From the very beginning of Mooney's trial, there were indications of a frame-up. Testifying against Mooney were two witnesses whose truthfulness and motives for testifying became highly questionable. Evidence of prosecutorial misconduct and the manipulation and distortion of the evidence produced by police investigators began to surface even before the trial ended. In response to the prosecution's accusations, the defense called witnesses who had occupied the building overlooking the site of the explosion and who could testify that Mooney had not been observed in that area. An alibi witness, an amateur photographer, produced photographic evidence that Mooney and his wife were standing one and a half miles away from the site of the explosion only moments before the bomb detonated. Nonetheless, Mooney was convicted, the jury voting for the death penalty. Not until years later did it become known that the principal witness against Mooney had perjured himself and that the foreman of the jury had been a close personal friend of the prosecutor, with whom he had continued to meet during the course of the trial.

The Prisoner

Mooney's conviction was as much a product of the times as it was the result of a concerted effort to skirt the law. Even before the trial had begun, there had been an ominous shift in public opinion away from the liberalism of the progressive era toward a more conservative view of the world. The threat to deeply held notions of democratic ideals seemed very real to most people. The possibility of becoming embroiled in a war had intensified feelings of patriotism while creating greater antagonism toward anything that smacked of a foreign or radical influence. This fear, which would peak in the postwar years, affected judge and jurors alike in Mooney's case, giving them ample reason, they believed, to ignore evidence of misconduct on the part of the police and the prosecutors. The prosecution's theory, which found no support in the evidence, was that Mooney had intended to start a revolution In California, and the jury seemed disposed to believe it.

Reaction

Mooney's case was propelled into a cause celebre by the verdict and his sentence of death. Labor organizations in the United States and throughout the world sponsored rallies and otherwise protested the outcome of the trial. President Wilson was moved to appoint a commission, chaired by the secretary of labor, to conduct an inquiry into the circumstances surrounding Mooney's conviction. The subsequent report condemned the atmosphere in which the trial had been held and suggested that there had been a concerted effort on the parts of certain commercial interests to ensure that a conviction resulted regardless of whether It was supported by sufficient evidence. Mooney's trial judge, troubled by the report and other disclosures made during the course of the commission's investigation, prevailed upon the state's attorney general to reopen the case. The state supreme court, however, refused to take any action. The law of the state of California at the time made no provision for the introduction of newly acquired evidence after the conclusion of a trial, and the court refused to allow an exception. Finally, at the request of President Wilson, the governor commuted Mooney's sentence to life imprisonment.
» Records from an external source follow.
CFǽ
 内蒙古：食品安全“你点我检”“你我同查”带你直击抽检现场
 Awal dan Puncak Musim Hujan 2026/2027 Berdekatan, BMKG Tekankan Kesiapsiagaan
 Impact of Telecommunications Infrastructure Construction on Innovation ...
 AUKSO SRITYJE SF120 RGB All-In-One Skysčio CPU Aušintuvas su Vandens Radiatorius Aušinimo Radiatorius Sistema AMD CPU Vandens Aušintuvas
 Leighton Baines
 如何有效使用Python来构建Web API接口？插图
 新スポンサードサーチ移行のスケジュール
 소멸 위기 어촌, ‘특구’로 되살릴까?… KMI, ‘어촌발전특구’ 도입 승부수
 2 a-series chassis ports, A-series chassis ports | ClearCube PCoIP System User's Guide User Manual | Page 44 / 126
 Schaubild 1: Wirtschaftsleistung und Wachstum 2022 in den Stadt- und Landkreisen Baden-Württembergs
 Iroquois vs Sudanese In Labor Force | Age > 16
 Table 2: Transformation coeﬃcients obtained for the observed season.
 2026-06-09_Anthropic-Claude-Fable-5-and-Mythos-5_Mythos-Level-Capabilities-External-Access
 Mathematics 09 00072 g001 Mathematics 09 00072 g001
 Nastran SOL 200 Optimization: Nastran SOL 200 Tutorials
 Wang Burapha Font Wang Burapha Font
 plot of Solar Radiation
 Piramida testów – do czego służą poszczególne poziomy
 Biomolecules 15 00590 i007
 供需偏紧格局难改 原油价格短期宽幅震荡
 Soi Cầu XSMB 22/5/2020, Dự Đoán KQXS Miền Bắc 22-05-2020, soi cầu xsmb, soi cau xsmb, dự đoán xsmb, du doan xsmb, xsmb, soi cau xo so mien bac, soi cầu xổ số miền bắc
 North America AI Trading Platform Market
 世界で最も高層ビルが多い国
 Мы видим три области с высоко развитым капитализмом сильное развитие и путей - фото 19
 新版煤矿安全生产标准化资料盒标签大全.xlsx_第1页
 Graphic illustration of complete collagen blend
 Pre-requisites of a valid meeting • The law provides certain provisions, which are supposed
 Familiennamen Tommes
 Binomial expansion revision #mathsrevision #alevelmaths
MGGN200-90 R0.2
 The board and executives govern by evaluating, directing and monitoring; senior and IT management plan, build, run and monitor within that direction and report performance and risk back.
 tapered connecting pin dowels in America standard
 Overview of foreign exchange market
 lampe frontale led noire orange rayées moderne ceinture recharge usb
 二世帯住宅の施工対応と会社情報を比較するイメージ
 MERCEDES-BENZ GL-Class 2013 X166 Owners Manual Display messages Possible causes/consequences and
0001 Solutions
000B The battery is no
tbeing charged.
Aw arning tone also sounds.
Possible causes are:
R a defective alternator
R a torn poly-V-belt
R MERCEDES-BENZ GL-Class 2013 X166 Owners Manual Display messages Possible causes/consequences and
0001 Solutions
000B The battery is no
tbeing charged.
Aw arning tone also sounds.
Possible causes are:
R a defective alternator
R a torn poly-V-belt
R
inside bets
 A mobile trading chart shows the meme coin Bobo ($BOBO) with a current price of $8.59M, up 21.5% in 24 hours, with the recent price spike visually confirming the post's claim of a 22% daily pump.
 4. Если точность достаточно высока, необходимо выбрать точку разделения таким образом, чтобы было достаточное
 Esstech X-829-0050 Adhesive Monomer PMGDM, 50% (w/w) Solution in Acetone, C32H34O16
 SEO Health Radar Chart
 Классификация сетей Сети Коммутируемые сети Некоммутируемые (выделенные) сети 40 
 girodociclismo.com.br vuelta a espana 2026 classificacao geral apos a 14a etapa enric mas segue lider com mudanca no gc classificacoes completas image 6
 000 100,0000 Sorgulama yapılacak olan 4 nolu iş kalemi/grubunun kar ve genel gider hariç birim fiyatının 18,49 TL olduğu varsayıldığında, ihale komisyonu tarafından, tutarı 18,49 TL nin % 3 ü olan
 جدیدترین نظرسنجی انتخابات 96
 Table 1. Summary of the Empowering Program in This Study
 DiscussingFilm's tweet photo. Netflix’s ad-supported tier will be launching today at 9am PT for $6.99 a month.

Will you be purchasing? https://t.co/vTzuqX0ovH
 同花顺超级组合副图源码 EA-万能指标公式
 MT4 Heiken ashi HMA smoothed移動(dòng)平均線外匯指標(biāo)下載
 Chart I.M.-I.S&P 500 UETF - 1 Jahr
The Case That Would Not Die

Mooney's cause was not helped by events that occurred in the ensuing years. His close identification with radical labor and the Socialist Party became reason enough in the public's mind for his incarceration. At the height of the red scare public attitudes in California hardened against him, and the chances of securing his release or a new trial diminished with each affirmation of his conviction on appeal. Numerous appeals were prepared and raised in his behalf and helped to keep the case in the public's eye well into the 1930s. With each appeal, however, interest In the case grew and the public came to feel considerably more sympathetic toward a man whose case seemed to resemble so closely that of France's Dreyfus Affair. In July 1931 Sherwood Anderson wrote, "He should be turned loose. They should quit it. There should be a limit, even to our human cruelty."

Habeas Corpus

California's officialdom was not entirely impervious to mounting criticism of its handling of the matter. In 1933 Gov. James Rolph convened a pardon hearing. The committee that was to deliberate on the matter debated the issues for three months before concluding that Mooney was in fact guilty and not deserving of a pardon. This time interest in the case did not wane. With the assistance of the American Civil Liberties Union, a new team of lawyers was formed to pursue a writ of habeas corpus on a ground never before tried—a violation of due process based upon perjured testimony. The petition was denied at the federal district court level, then brought directly to the attention of the United States Supreme Court by means of an appeal of the lower court's refusal to consider the petition for a writ. In January 1935 the Supreme Court, with Justice Charles Evans Hughes speaking for the majority, reversed the district court's ruling in a momentous decision (Mooney v. Holohan) but determined that the petition would first have to be pursued in the state courts before it could again be considered in the federal judicial system.

A New Hearing

Mooney's petition for a writ of habeas corpus was, as he expected, denied at both the trial and the intermediate appellate levels, but the California Supreme Court did act on his petition and scheduled what was to become one of the lengthiest habeas corpus hearings in the nation's history. In October 1937 the Court denied the writ in a lengthy opinion in which it detailed the record before it and concluded that in the absence of any proof of fraud, perjury, or suppression of evidence, it lacked any authority to overturn the jury's verdict. In yet another extraordinary move, Mooney obtained permission to appear before the state assembly to plead his case and won from the legislators a resolution supporting a full pardon. That resolution, however, was defeated in the state senate, and Mooney was returned to San Quentin prison. One of the senators who had heard Mooney, however, was Culbert Olson. Olson was convinced of Mooney's innocence. Two years later, after he was elected governor, Olson summoned Mooney to his office and conducted a parole hearing, which resulted in Mooney's exoneration and complete pardon. Warren Billings was also released that same year, but not in time to participate in the demonstrations, including a parade through San Francisco, celebrating Mooney's release. Labor's aging and ailing martyr soon slipped back into obscurity.

Source:

Richard H. Frost, The Mooney Case (Stanford: Stanford University Press, 1968).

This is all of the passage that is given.